The question underneath every other question
What's your orientation to capitalism?
When folks ask me for career advice I've been giving them a new prompt:
Figure out your orientation to capitalism.
It's the question before every other question.
I see a lot of creatives struggle for years trying to navigate Business in America. They jump between managers and products and teams, waiting for something to feel like 'home'—but they've ignored this basic thing: how do you relate to the system itself?

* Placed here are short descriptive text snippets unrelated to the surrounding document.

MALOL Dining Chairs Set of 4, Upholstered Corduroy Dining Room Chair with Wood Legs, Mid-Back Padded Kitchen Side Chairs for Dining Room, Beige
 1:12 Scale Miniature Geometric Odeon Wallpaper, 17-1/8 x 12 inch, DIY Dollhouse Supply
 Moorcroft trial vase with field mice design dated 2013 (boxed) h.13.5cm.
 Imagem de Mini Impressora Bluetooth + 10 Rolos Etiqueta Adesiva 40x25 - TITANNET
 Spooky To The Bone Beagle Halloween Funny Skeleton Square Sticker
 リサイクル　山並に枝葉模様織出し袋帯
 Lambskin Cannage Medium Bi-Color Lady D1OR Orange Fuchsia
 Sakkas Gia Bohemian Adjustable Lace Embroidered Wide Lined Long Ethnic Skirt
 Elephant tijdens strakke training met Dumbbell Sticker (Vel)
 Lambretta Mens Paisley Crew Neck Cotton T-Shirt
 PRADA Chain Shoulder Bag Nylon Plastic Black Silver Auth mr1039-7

There are, I think, four broad ways to relate to capitalism:
⛪ TRUE BELIEVERS
love the game. They think business, properly executed, is a righteous endeavor. They don't need their work to change the world—they need to win.
🚫 NAY-SAYERS
feel... complicit. Every day at work feels like a small betrayal of their values. They burn out not from overwork, but from misalignment.
🏹 TRANSFORMERS
want to change the system from within. They'll work at big corporations or startups, but only if they believe they're moving the needle toward something better.
🔫 ESCAPISTS
are ... dreaming up new frontiers. They're starting projects and startups that operate outside traditional business structures. They've writing new rules.
None of these is right or wrong. But most people never consciously identify where they fit and shape their career around it.
When you understand your orientation, career decisions become a bit easier. You just want to avoid putting yourself in a context that runs directly against what you value.
The misery comes from misalignment. The Nay-Sayer person trying to optimize their way to happiness. The Transformer stuck in a purely extractive role.
Once you know your orientation, you can find your people. And your people—the ones who share your fundamental relationship to the system—those are the ones who will energize you, challenge you in the right ways, and build the kinds of things you actually want to exist in the world.
Curious what folks think of this model.